As a former engineering school dean, I found one statistical chart particularly captivating amid the torrent of recent newspaper and magazine articles on the emergence of China as an economic giant. It detailed the number of engineering bachelor’s degrees conferred by institutions in different countries in 1999. The United States conferred a very respectable 61,000 degrees that year. China conferred 195,000, far outpacing every other nation.
Those numbers symbolize the great promise and challenge China presents to the rest of the world this century. The ramifications of China’s booming development—on the world economy, the global workforce, the geopolitical balance and the future of the environment—are enormous. I believe that American universities should play a dual role in helping to understand the implications of China’s growing economic power and preparing our students for collaboration between our two countries in business, government and education.

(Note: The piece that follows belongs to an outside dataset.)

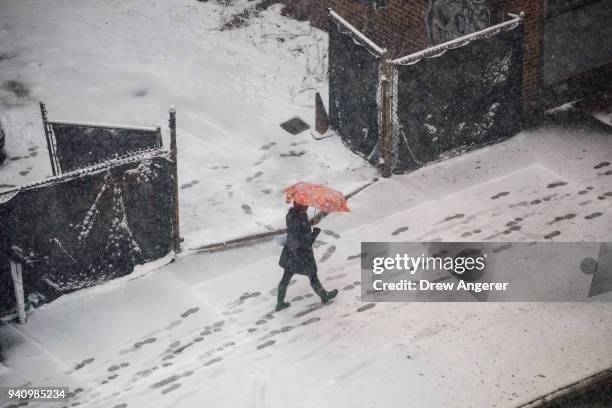 Woman carries an umbrella as she walks through the snow on Atlantic Avenue, April 2, 2018 in the Brooklyn borough of New York City. One day after a...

I will travel to China this May to inaugurate our Stanford in Beijing program and hold a series of meetings with Chinese education officials and business leaders. This trip underscores the growing importance of Stanford’s relationship with the world’s most populous country.
The reasons for that increased focus are both philosophical and practical. China will rapidly become a powerhouse in information technology and biotechnology. Stanford has much to offer and teach in these areas—and we have much to gain in the long term. But it is clear that the institutions that take a seat at the table earliest will most influence this historic period.
Fortunately for Stanford, we have very deep roots in China. The tradition of devoting intellectual resources to East Asia dates back to the founding of the University. And more recently, Stanford was one of the first institutions to establish a mechanism for intellectual exchange with scholars from the People’s Republic of China, hosting its first group of Chinese scholars in 1978.
Those exchanges were critical in Stanford’s further development of East Asian scholarship, a tradition that is now carried out more formally at the Stanford Institute for International Studies and in such areas as the BA and MA programs in East Asian Studies. As a result, the University has been home to pathbreaking work in numerous areas, such as sociologist Andrew Walder’s work on political movements in China and political scientist Jean Oi’s research on corporate governance and fiscal reform.
Building on work he began as secretary of defense, Professor William Perry, ’49, remains in the forefront of strengthening “track two” diplomatic relationships in both Russia and the People’s Republic of China. In this work, he aims to develop strategies, influence thinking among leaders in Russia and China and organize resources that might help resolve international conflicts. Research on China also exemplifies Stanford’s growing multidisciplinary approach. In that vein, Thomas Heller of the Law School, Michael May of the Center for International Security and Cooperation and David Victor of the Center for Environmental Science and Policy have worked on issues related to Chinese energy development.
Stanford is also home to a tremendous collection of reference and source material about China. The University’s East Asia Library Chinese collection contains approximately 262,000 titles in 350,000 volumes, plus another 28,300 reels of microfilm. In addition, the Hoover Institution’s East Asia Archives and Collections of Special Materials in Chinese and Japanese consist of original documents, such as letters, diaries, journals, private and public contracts, and business account books.
Stanford in Beijing is one small way that we are furthering our desire to engage in an ongoing conversation and deepen our understanding about China. Courses will be taught in English and Chinese by local faculty members of Peking University in areas such as philosophy, history of science, political science, legal studies and literature. Required Chinese language courses will also be offered for Stanford credit.
Of course, Stanford already benefits tremendously from the presence of more than 500 gifted Chinese students at the Farm. This exchange is consistent with our view that the best way to solve the world’s problems is to have an open conversation among the best and brightest of the next generation of scholars.
In all these ways, I believe Stanford is well positioned to participate in China’s emergence onto the center of the world stage in the 21st century. In that regard, perhaps the best thing Stanford and other American universities have to offer is the spirit of unfettered academic inquiry and debate—the open competition of ideas—that has helped build the American system of higher education into one that is admired throughout the world.